Multilevel Surrogate-based Control Variates

Monte Carlo (MC) sampling is a popular method for estimating the statistics (e.g. expectation and variance) of a random variable. Its slow convergence has led to the emergence of advanced techniques to reduce the variance of the MC estimator for the outputs of computationally expensive solvers. The control variates (CV) method corrects the MC estimator with a term derived from auxiliary random variables that are highly correlated with the original random variable. These auxiliary variables may come from surrogate models. Such a surrogate-based CV strategy is extended here to the multilevel Monte Carlo (MLMC) framework, which relies on a sequence of levels corresponding to numerical simulators with increasing accuracy and computational cost. MLMC combines output samples obtained across levels, into a telescopic sum of differences between MC estimators for successive fidelities. In this paper, we introduce three multilevel variance reduction strategies that rely on surrogate-based CV and MLMC. MLCV is presented as an extension of CV where the correction terms devised from surrogate models for simulators of different levels add up. MLMC-CV improves the MLMC estimator by using a CV based on a surrogate of the correction term at each level. Further variance reduction is achieved by using the surrogate-based CVs of all the levels in the MLMC-MLCV strategy. Alternative solutions that reduce the subset of surrogates used for the multilevel estimation are also introduced. The proposed methods are tested on a test case from the literature consisting of a spectral discretization of an uncertain 1D heat equation, where the statistic of interest is the expected value of the integrated temperature along the domain at a given time. The results are assessed in terms of the accuracy and computational cost of the multilevel estimators, depending on whether the construction of the surrogates, and the associated computational cost, precede the evaluation of the estimator. It was shown that when the lower fidelity outputs are strongly correlated with the high-fidelity outputs, a significant variance reduction is obtained when using surrogate models for the coarser levels only. It was also shown that taking advantage of pre-existing surrogate models proves to be an even more efficient strategy.
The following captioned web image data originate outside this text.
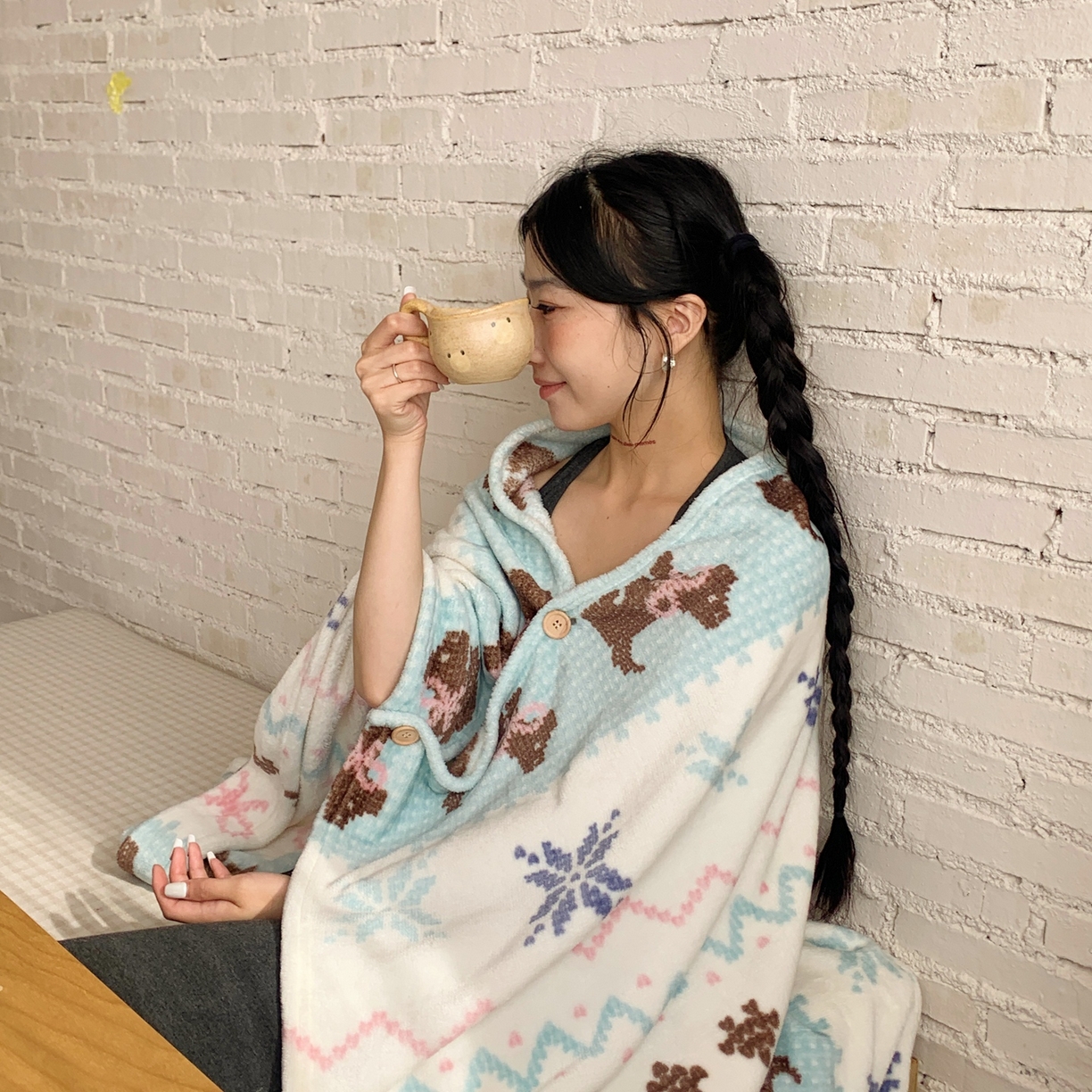 91家纺网 家纺一手货源 找家纺 桃喜 2025秋冬新款双面牛奶绒披肩毯毛毯毯子 费尔岛狗狗蓝（双面绒披肩毯）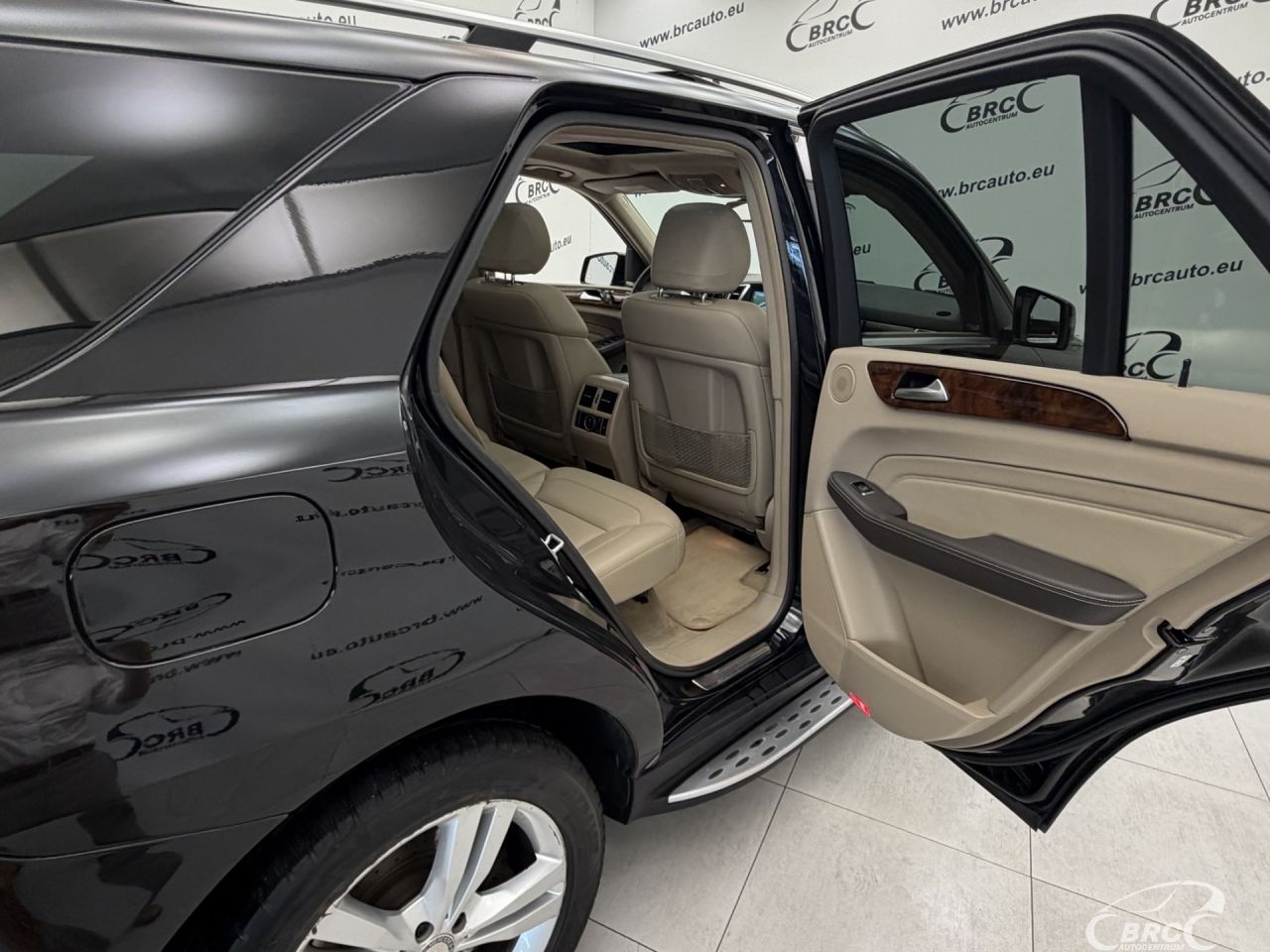 Mercedes-Benz ML350 | 12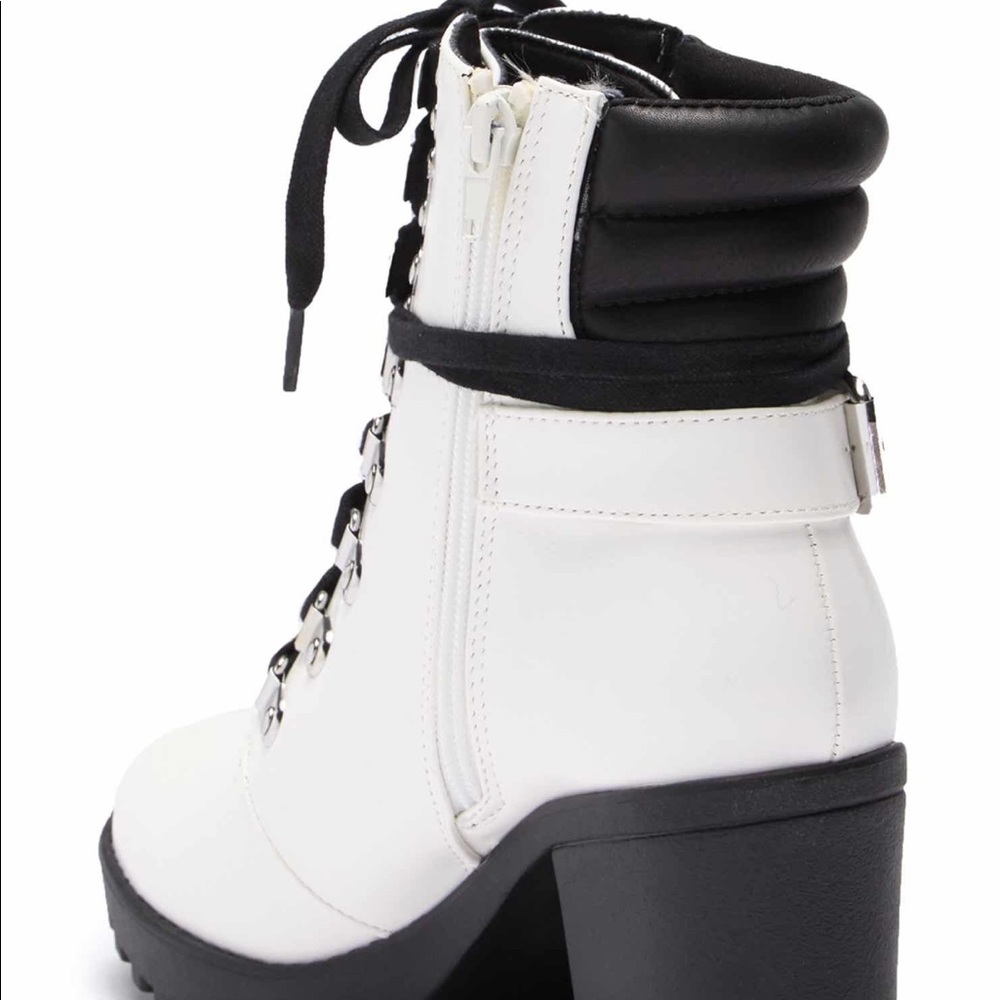 Mia lace up boots - Picture 5 of 8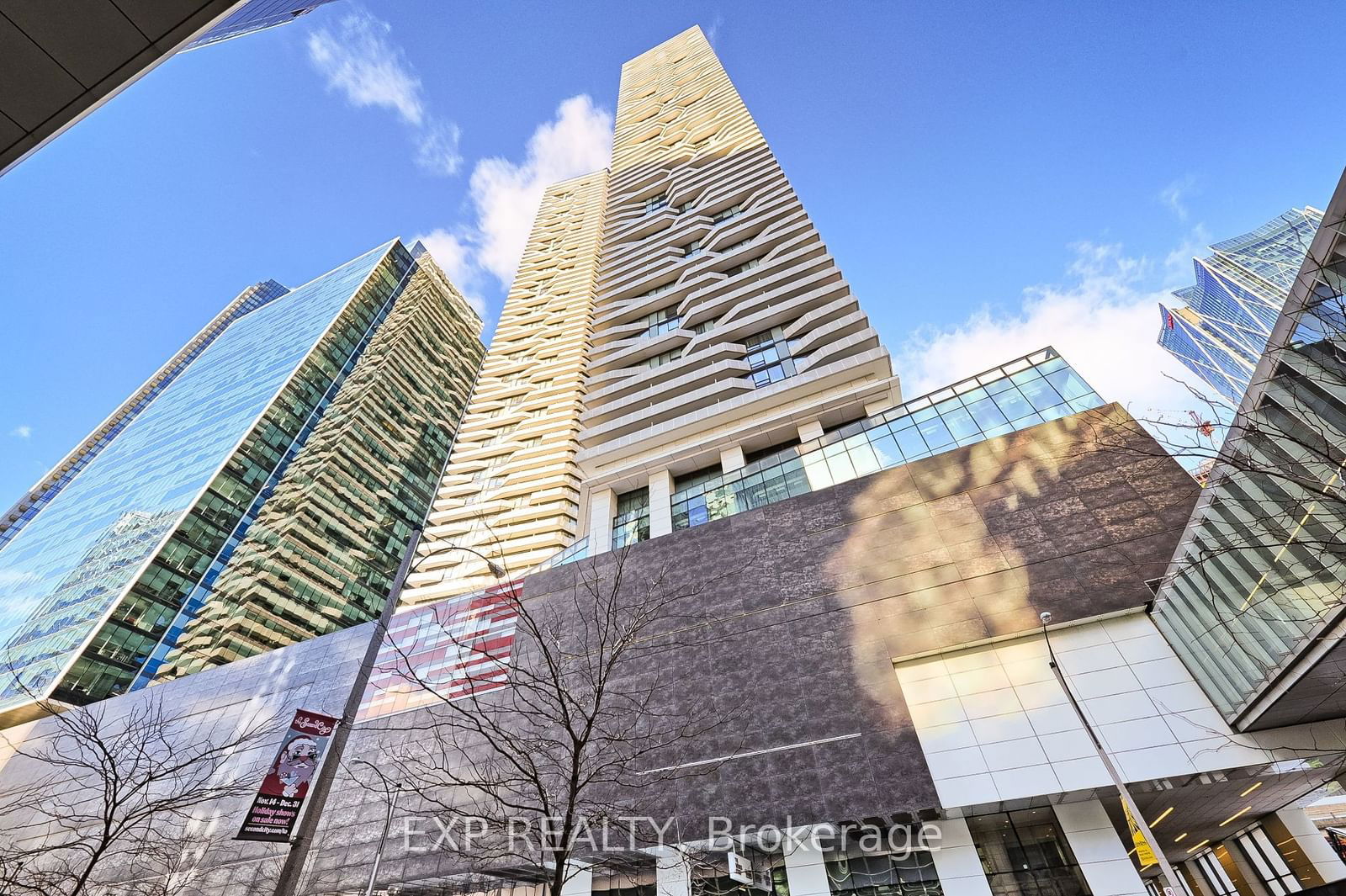 100 Harbour St, unit 1904 for rent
翻译：蒙特卡洛（MC）采样是估计随机变量统计量（如期望和方差）的常用方法。其收敛速度较慢，这促使了先进技术的发展，以减少针对计算成本高昂的求解器输出的MC估计量的方差。控制变量（CV）方法通过一个源自辅助随机变量的项来校正MC估计量，这些辅助变量与原随机变量高度相关。这些辅助变量可能来自代理模型。本文将这种基于代理模型的CV策略扩展到多级蒙特卡洛（MLMC）框架中，该框架依赖于一系列对应于精度和计算成本递增的数值模拟器的层级。MLMC将跨层级获得的输出样本组合成一个望远镜和，即逐级保真度的MC估计量之间的差值之和。在本文中，我们介绍了三种依赖于基于代理模型的CV和MLMC的多级方差缩减策略。MLCV被提出作为CV的扩展，其中由不同层级模拟器的代理模型设计的校正项相加。MLMC-CV通过在每个层级使用基于校正项代理模型的CV来改进MLMC估计量。通过在MLMC-MLCV策略中使用所有层级的基于代理模型的CV，实现了进一步的方差缩减。本文还介绍了减少用于多级估计的代理模型子集的替代方案。所提出的方法在一个文献中的测试案例上进行了验证，该案例涉及一个不确定一维热方程的谱离散化，其中感兴趣的统计量是给定时刻沿域积分温度的期望值。根据代理模型的构建及其相关计算成本是否在估计量评估之前进行，从多级估计量的精度和计算成本方面评估了结果。结果表明，当较低保真度的输出与高保真度输出强相关时，仅对较粗糙层级使用代理模型即可获得显著的方差缩减。研究还表明，利用预先存在的代理模型被证明是一种更为高效的策略。